The report stresses that a number of requirements have arisen following the military defeat of the ISIS terrorist organization which have not yet been met, noting that any military victory will be hollow and meaningless if it’s not accompanied by reparations for the families of those who were killed, and if the dispossessed, including those unjustly detained in camps, are unable to return home to their villages and towns, with real effort made to help them return and to help launch a process of genuinely democratic local elections, so that the people of these areas do not feel that they are once again languishing under military oppression, having already endured ISIS.
The report outlines eight points on which the US-led coalition must work seriously in order to help to achieve stability as quickly as possible, most notably holding local elections for a civilian governing body representing the population of three Syrian governorates: Raqqa, Deir Ez-Zour, and Hasaka, so that the people of al Jazira region do not feel that they are represented by the Self-Management body that was imposed on them as an unelected de facto authority; as the report notes, many areas in al Jazira region have witnessed angry popular protests, especially in Deir Ez-Zour governorate, given the current lack of any such democratic process despite more than a year-and-a half having passed since the defeat of ISIS.

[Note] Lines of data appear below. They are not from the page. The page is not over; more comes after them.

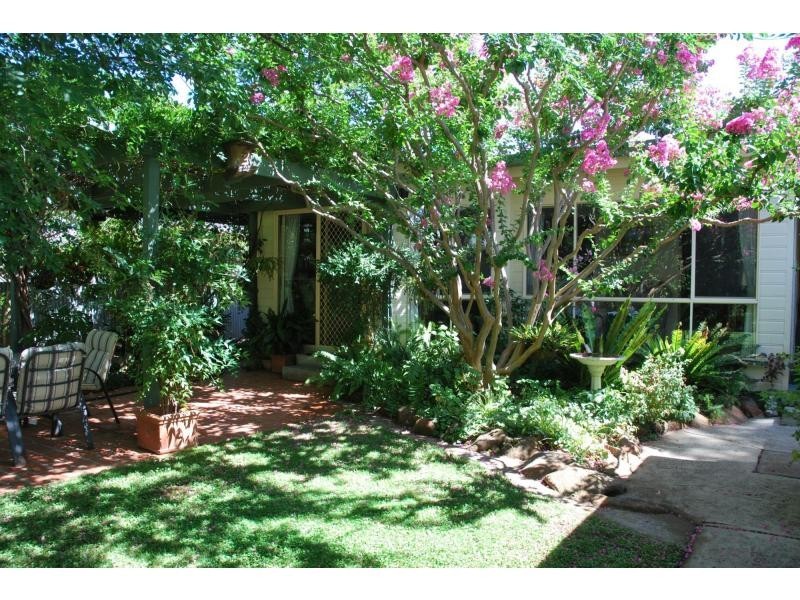 36 Patrick Street, Strathmerton VIC 3641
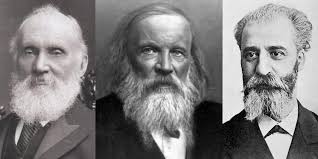 View all alfredo castro pictures. Famous People Who Died In 1907 On This Day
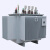 JTC 电力变压器S13-100 油浸式变压器 交流电压装置 支持定制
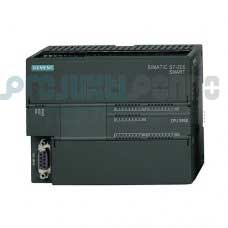 Siemens S7-200 PLC Digital Output module (6ES7222-1HF22-0XA8)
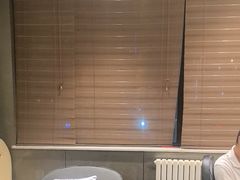 -王家渡火锅店(亦庄店)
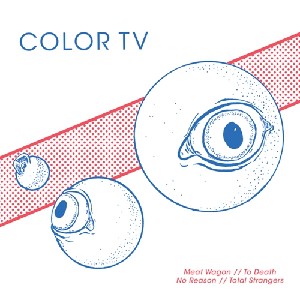 Color Tv
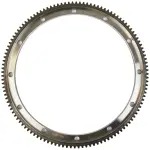 Věnec setrvačníku s dírami pro UNC-060 B-10059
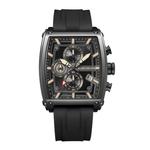 Мужские часы хронограф AD504-1732C 1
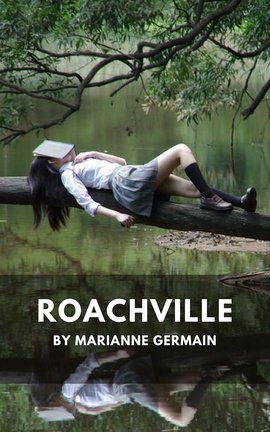 Roachville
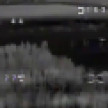 Российские военные за сутки сбили более 10 тяжелых БПЛА R-18 и их аналогов в Херсонской области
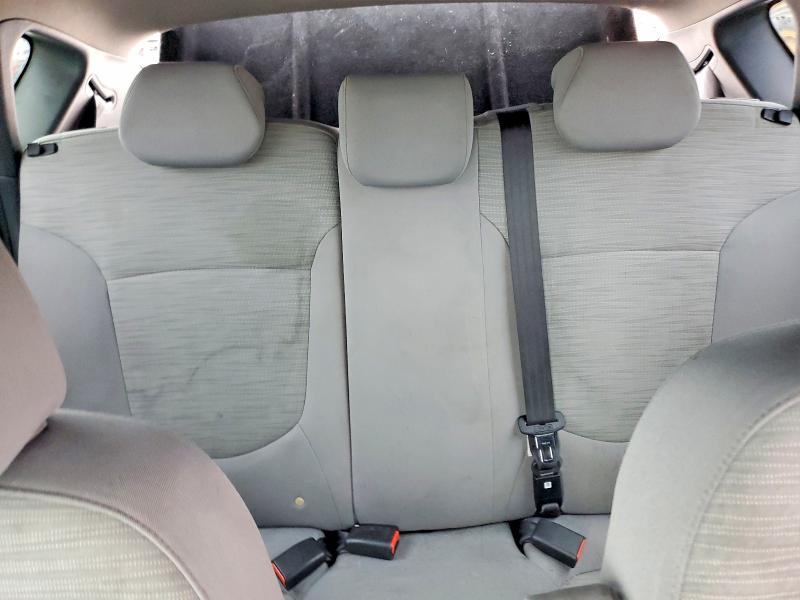 Продажа на аукционе авто 2017 Hyundai Accent, vin: KMHCT5AE2HU364206, номер лота: 78742065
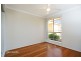2/78 Daintree Drive, Albion Park NSW 2527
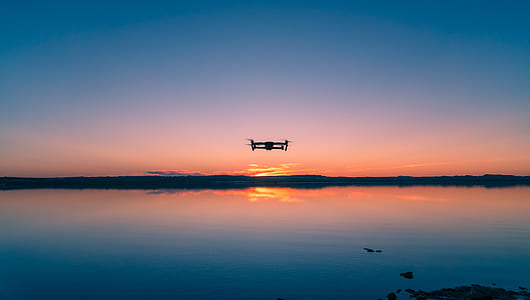 body of water thumbnail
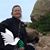 Marie Campbell's profile image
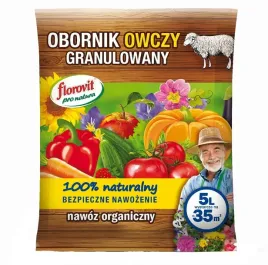 florovit-pro-natura-obornik-owczy-granulowany-5l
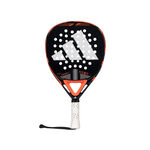 adidas Padel racket adidas CROSS It Team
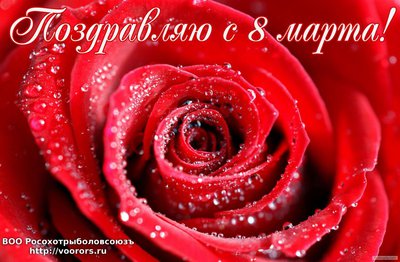s8marta57.jpg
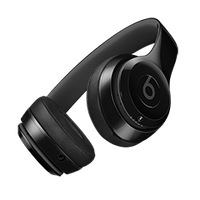 Solo3 Wireless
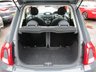 USED 2019 19 FIAT 500 1.2 LOUNGE 3d 69 BHP NEW SHAPE *7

The report further notes the need for the US-led coalition members to contribute to the reconstruction processes following the establishment of a democratically elected civilian body, to take a firm stand on the operations of Syrian Democratic Forces’ sales of oil and gas to the Syrian regime, especially after the implementation of the Caesar Act, to demand that the SDF disclose the expenditure of financial revenues from the sale of oil and gas, and to work to free the detainees in the northeastern region’s camps, whom the report considers to be forcibly detained, because they have been unable to return to their areas or leave the camps, with some of these camps turning into detention facilities resembling large prison camps.

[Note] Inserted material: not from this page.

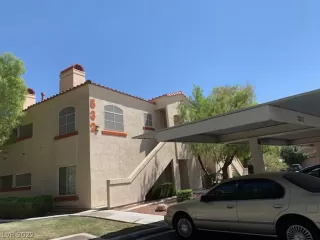 Photo #2: 2431578 Listing 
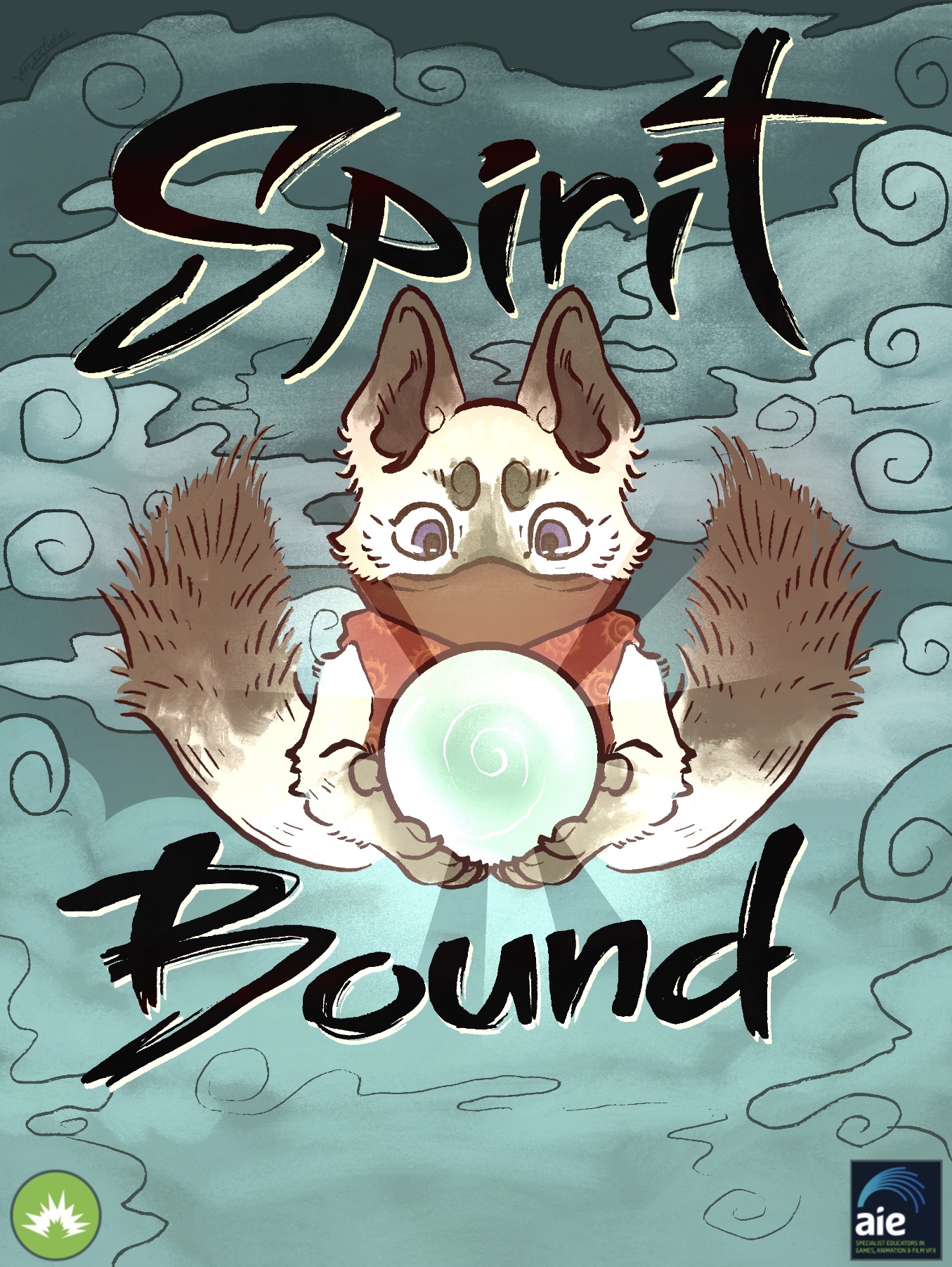 Screenshot 5 for SpiritBound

The report stresses the need for supervision and effective management of the issue of mass graves, indicating that this subject remains one of the unresolved issues, with efforts to locate and exhume the victims buried there still being faltering and insufficient, with the report calling for devoting more resources and more financial and logistical support to supporting the teams responsible for uncovering and transporting dead bodies, stressing the need for securing and protecting the sites of these graves to avoid destroying the available evidence.
The report also urges the US-led coalition to contribute to the fight against landmines and IEDs, particularly since these are primary issues in discouraging displaced local people from returning to their homes, given the random and widespread distribution of landmines and IEDs, which are primed to explode at the slightest touch, along the area’s roads, among the rubble of houses, and even amongst home furniture. As the report reveals, at least 435 civilians have been killed by landmines in the governorates of Raqqa, Deir Ez-Zour and Hasaka between October 2017 (that is, after the withdrawal of ISIS from Raqqa governorate) and September 2020.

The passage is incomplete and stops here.